Odyssée 2021 (#110) – « “Élucubrer” existe »

S’enfuir d’une scène pour accaparer une autre scène.  Planter-là le décor de la pièce que la panique rend impossible à jouer et se planter sur d’autres tréteaux et larguer les amarres de la raison.

Faut-il toujours être raisonnable ?  Autrement dit, devons-nous toujours, sans faillir, tenir le rôle que l’on s’est assigné ou que l’on nous assigne ?
Dans le texte issu de la pièce dont il est l’auteur, Édouard Baer livre enfin par écrit, un « livre oral écrit » comme il le définit lui-même, ses divagations.

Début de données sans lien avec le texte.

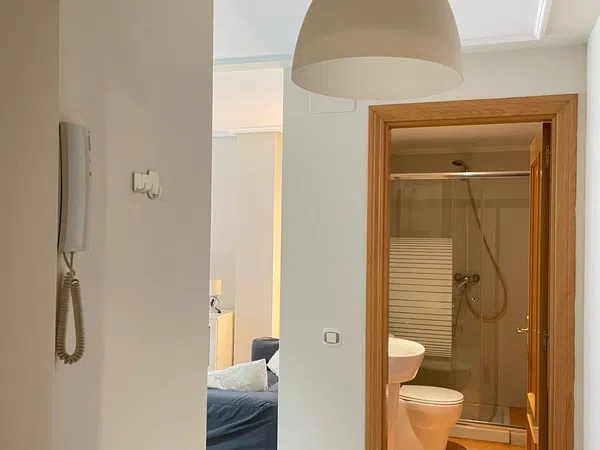 Alquiler de estudio en Avenida Lisboa, 3 - Foto 2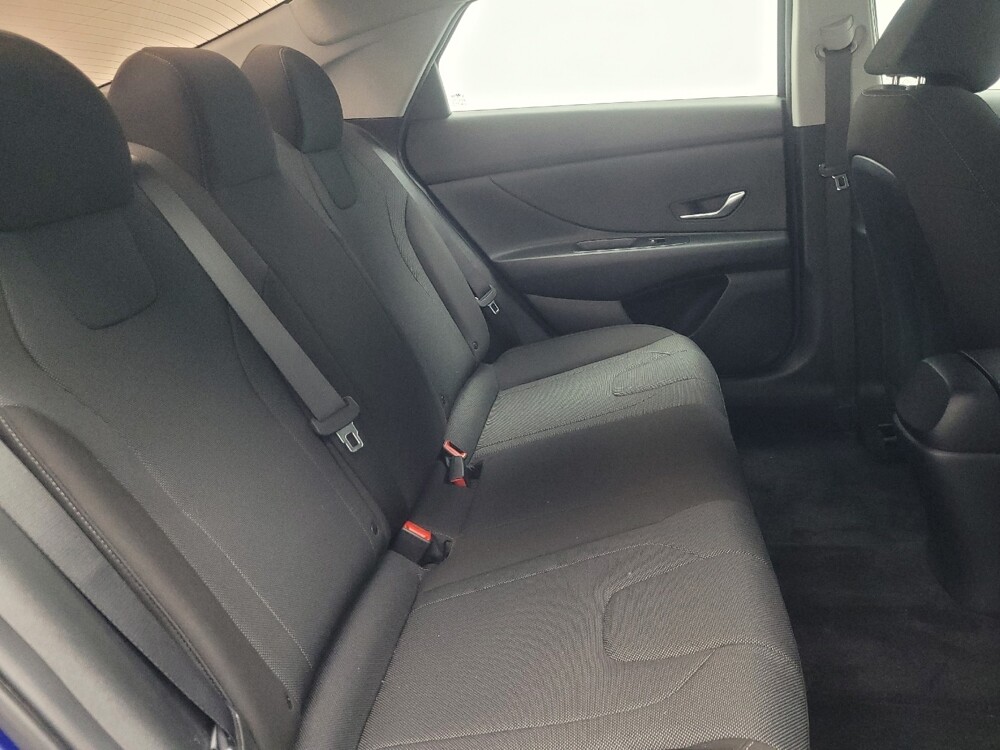 2023 Hyundai Elantra in Indianapolis, IN 46219 - 18103623 19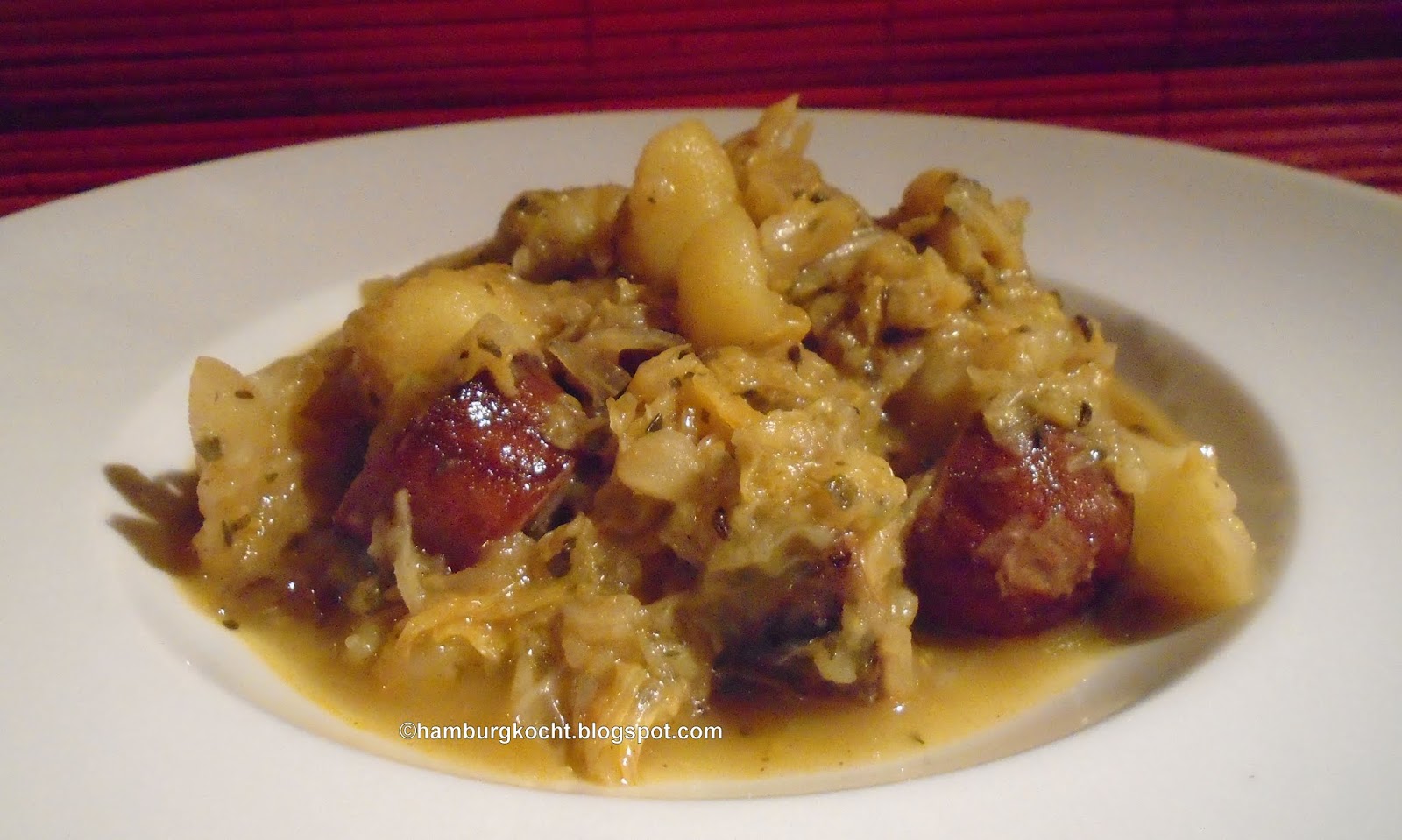 Hamburg kocht!: Kochen ohne Tüte: Wirsing-Kartoffel-Topf Hamburg kocht!: Kochen ohne Tüte: Wirsing-Kartoffel-Topf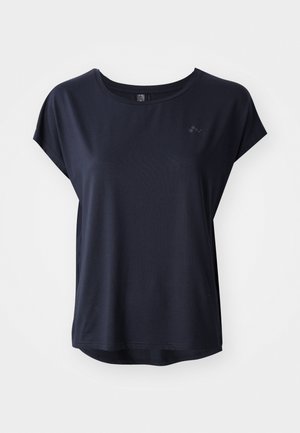 T-shirt atletico blu navy con maniche corte, stoffa morbida, colletto rotondo e orlo leggermente curvato. Piccolo logo sulla parte frontale.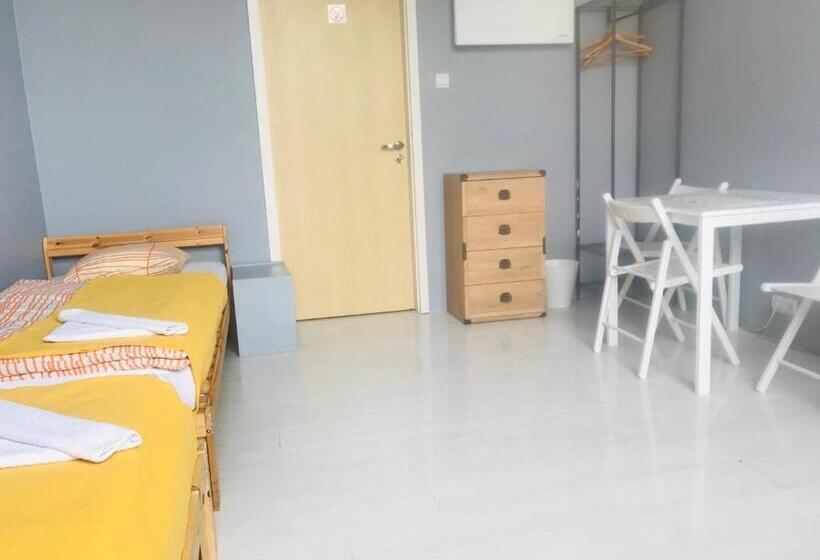 اتاق استاندارد سه تخته با سرویس بهداشتی مشترک, Pokoje Gościnne Fresco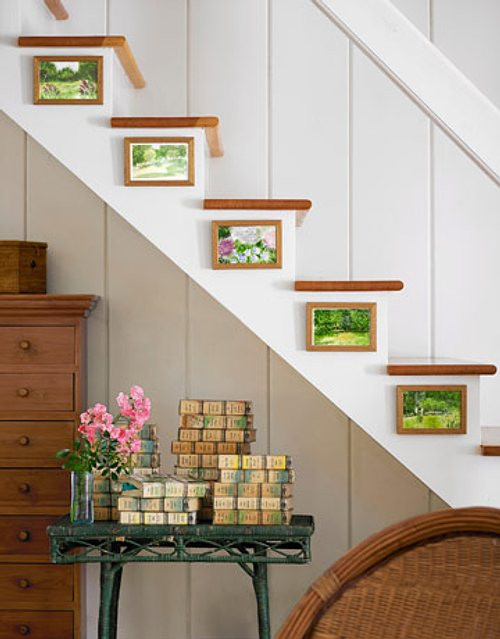 Spring themed stairs decor #staircase #stairs #stairway #stairsdecoration #homedecor #decorhomeideas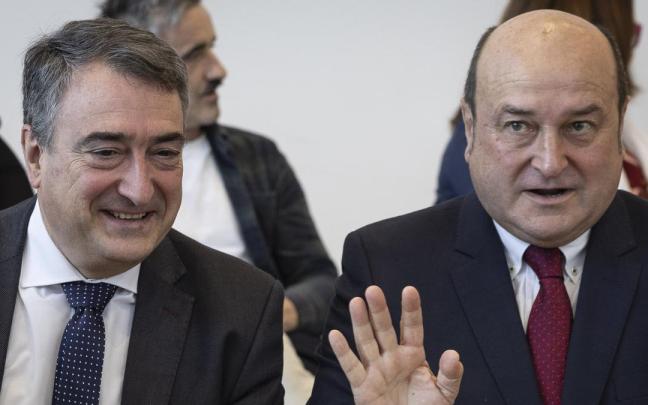 El portavoz del PNV en el Congreso, Aitor Esteban, con el presidente del EBB, Andoni Ortuzar, este miércoles
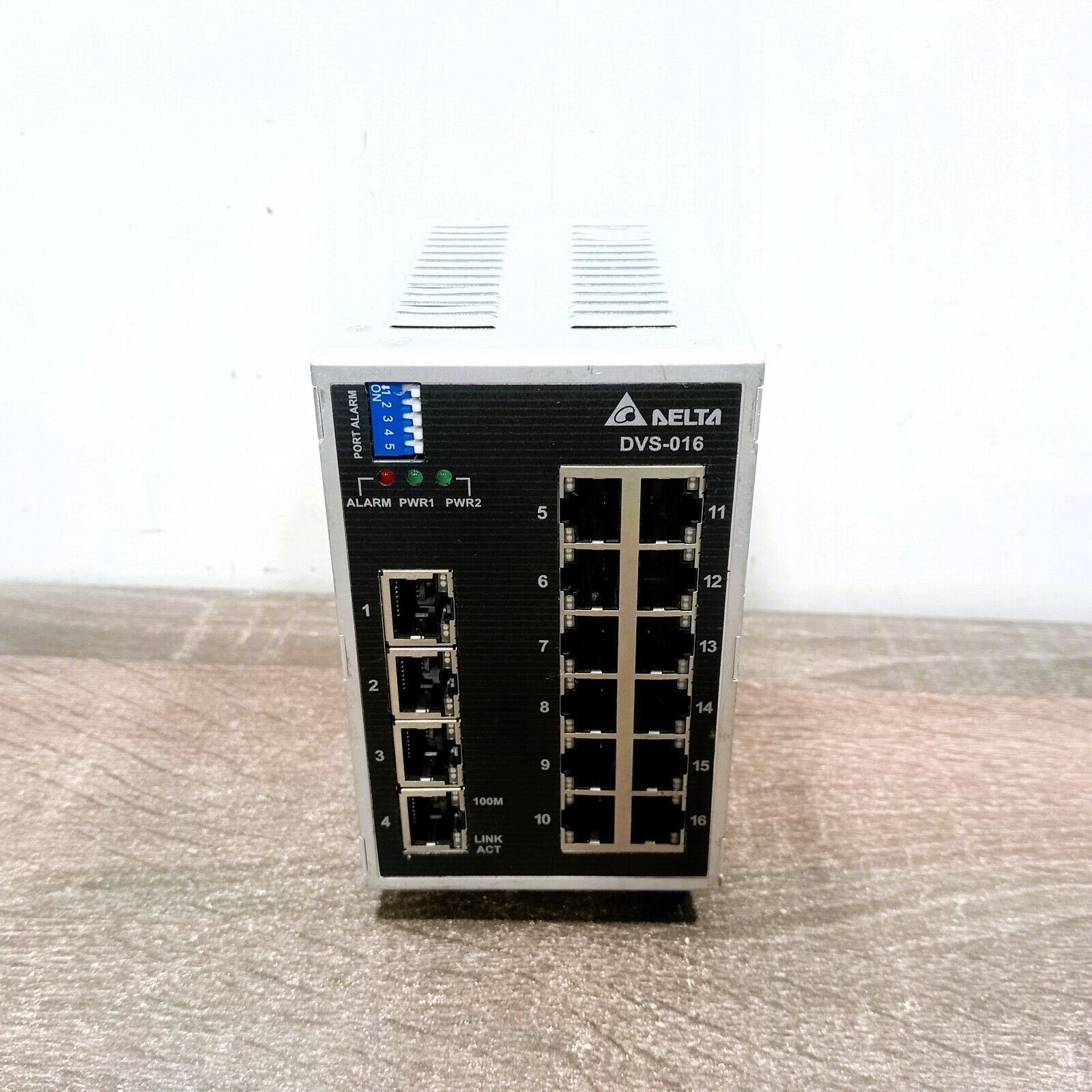 DELTA DVS-016W01 WIDE TEMP UNMANAGED ETHERNET SWITCH W/BUILT-IN ALARM IO 16 PORTS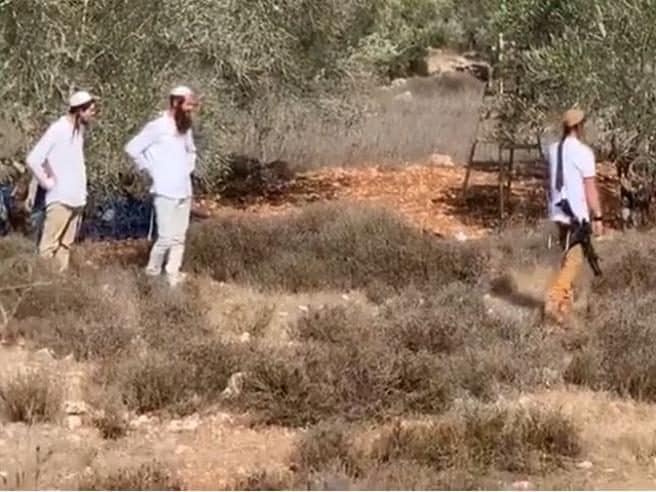 Cisgiordania, ucciso il 17enne Karim Shalaldeh durante scontri con coloni israeliani: grave un 70enne, Idf indaga
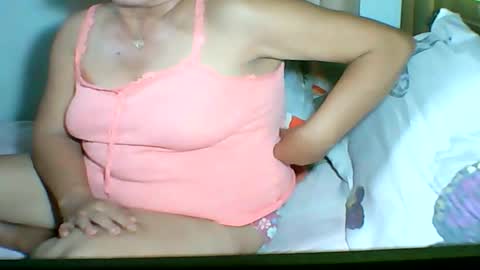 Snapshot of mombastic55 chatting on 06/09/26, 08:15 mombastic55 online show from 06/09/26, 08:15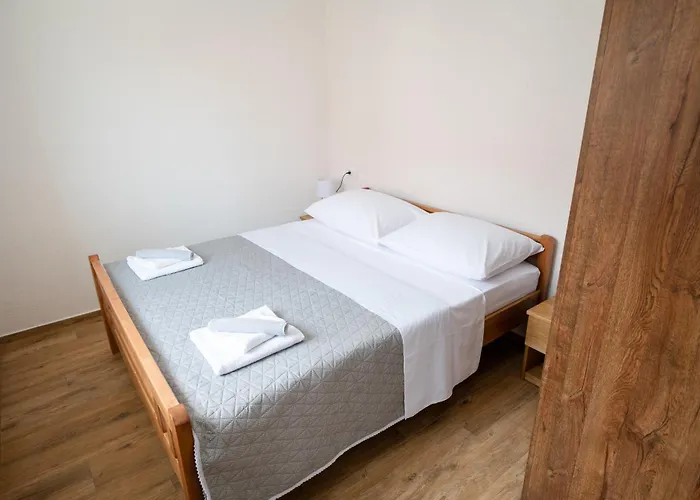 别墅 Didova Kuca, With Private Pool Near Rogoznica,sleeps 9 *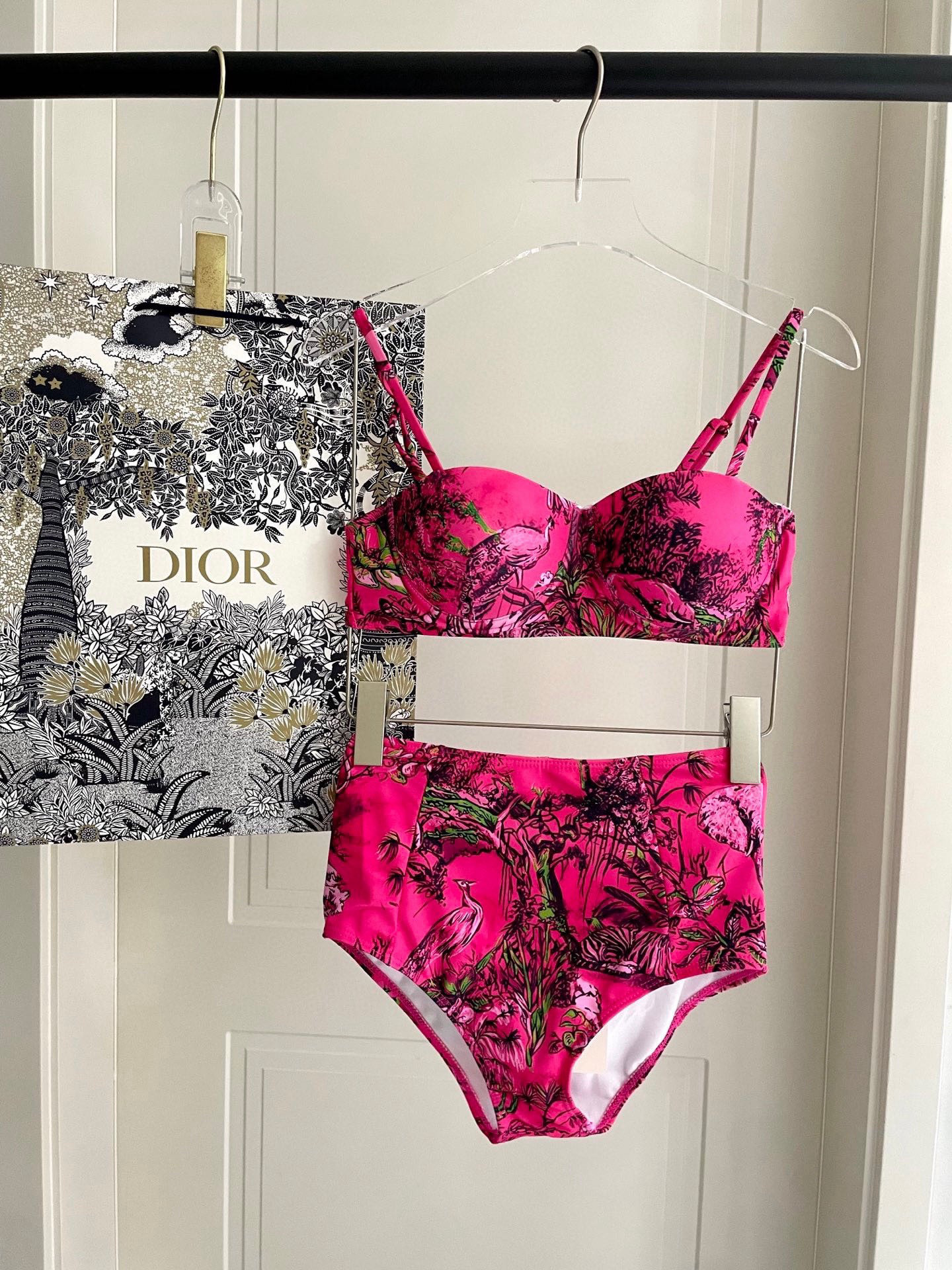 Accessories Bikinis — 501928c1 Angle 1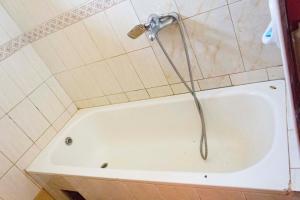 Koupelna v ubytování Hotel Millenium Kampala Zaana
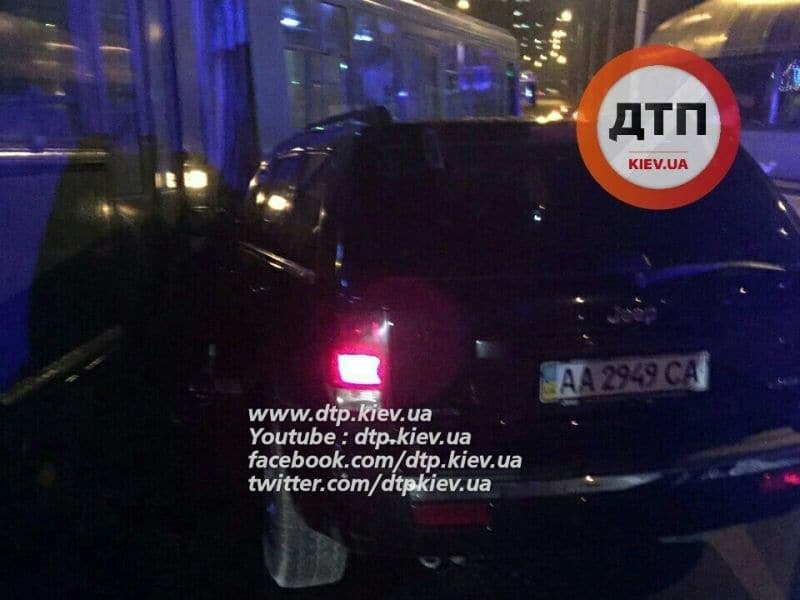 У Києві авто влетіло в тролейбус: опубліковані фото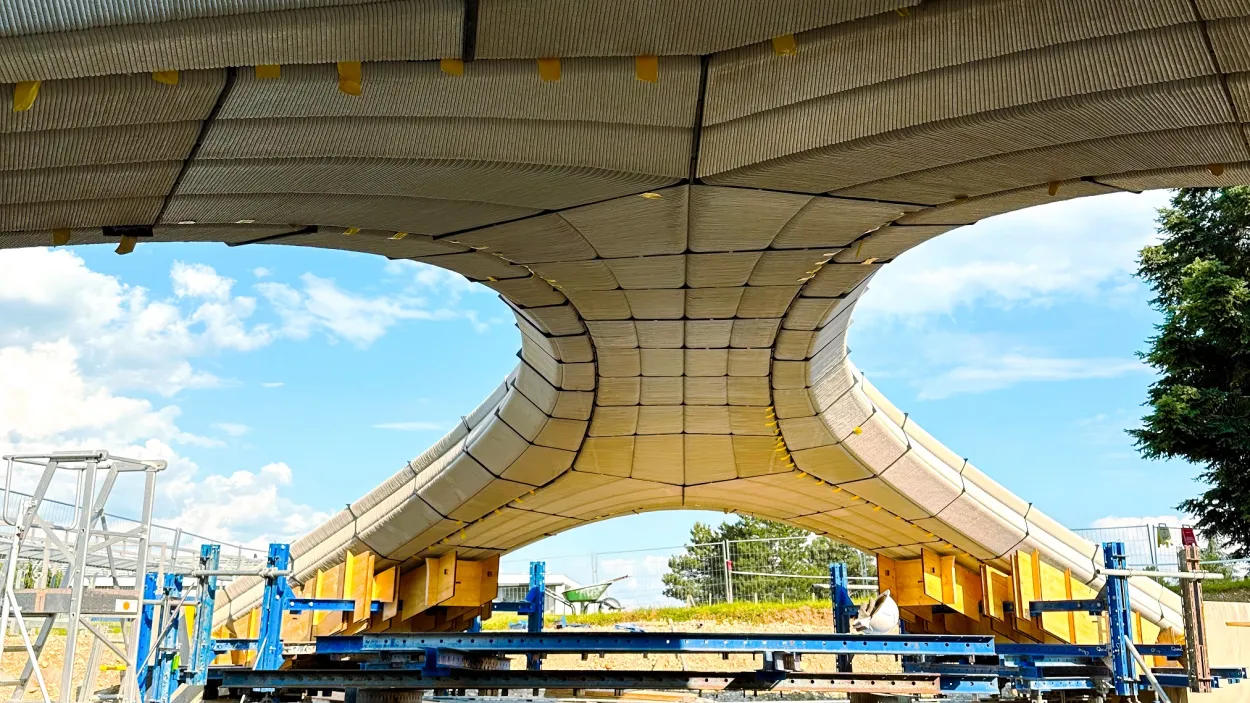 holcim_phoenix_3d_printed_bridge_bottom_view
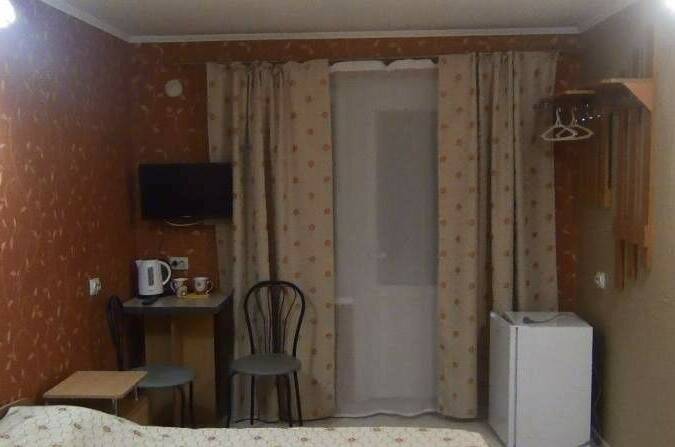 3х мест. Комфорт с вентилятором: хол-к, TV, чайник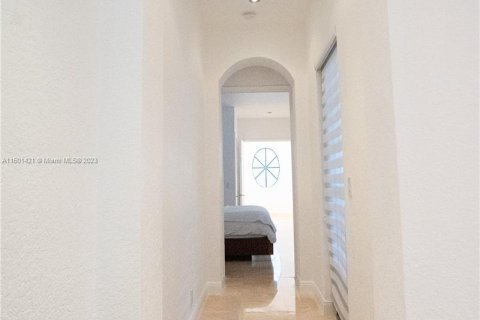 Villa ou maison à vendre à Fort Lauderdale, Floride: 5 chambres, 242.66 m2 № 911129 - photo 7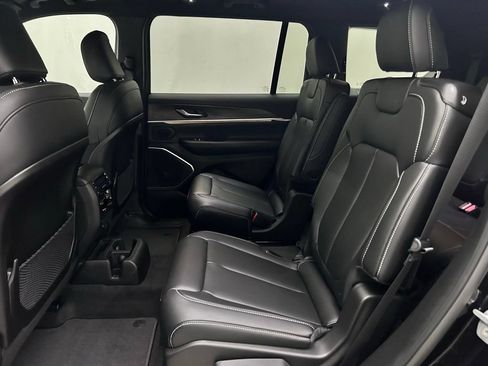 New 2026 Jeep Grand Cherokee L Limited AWD/4WD image 14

En fait, ces paroles, cette pièce, mettent à nu les conflits internes qui nous agitent à longueur de temps.
Ces conflits internes, nourris de nos rêves cachés, de nos ambitions réfrénées, des concessions que nous faisons sans cesse pour moins de liberté et des prisons plus confortables, de l’admiration que nous inspirent nombre de héros, des peurs que nous avons de décevoir, de ne pas être à la hauteur, imposent à nos esprits une pression qui conduit soit à la soumission, soit aux élucubrations.

Les élucubrations consistent à tout ce travail, discret, sourd, qui se fait en continu dans nos esprits, dans nos rêves. Étymologiquement, « élucubrer » signifie « travailler en veille ».  Ce travail est la somme de tout ce que, à longueur de vie, nous comprimons pour jouer nos rôles convenus.
Le principe de la pièce réside dans la démonstration que toutes ces tempêtes qui nous agitent ne sont pas des maladies honteuses ; nous ne sommes pas fous, pas déraisonnables.
Nous sommes simplement des êtres de réception ; des réceptacles de tous les courants du monde, qu’ils nous traversent de part en part, laissant leurs impacts et que nous devons les absorber et, si possible, en faire une œuvre d’art.

En faire une œuvre d’art.  Nous laisser gagner par la grâce du monde : ses héros, ses lâches, ses merveilles, ses monstruosités, ses apogées, se périgées.

Ce texte lu, issu d’une pièce que l’on n’a pas forcément vue, illustré gracieusement par Stéphane Manel, montre que « larguer les amarres », sortir de ses gonds n’est pas une tare, n’est pas une insanité.  Qu’au contraire, que c’est notre part de génie, pour peu qu’elle soit investie, une plume, un pinceau, un burin, un appareil de photo à la main, d’une issue créatrice.
Si le verbe « élucubrer » existe, c’est qu’il a, qu’il y a, de bonnes déraisons.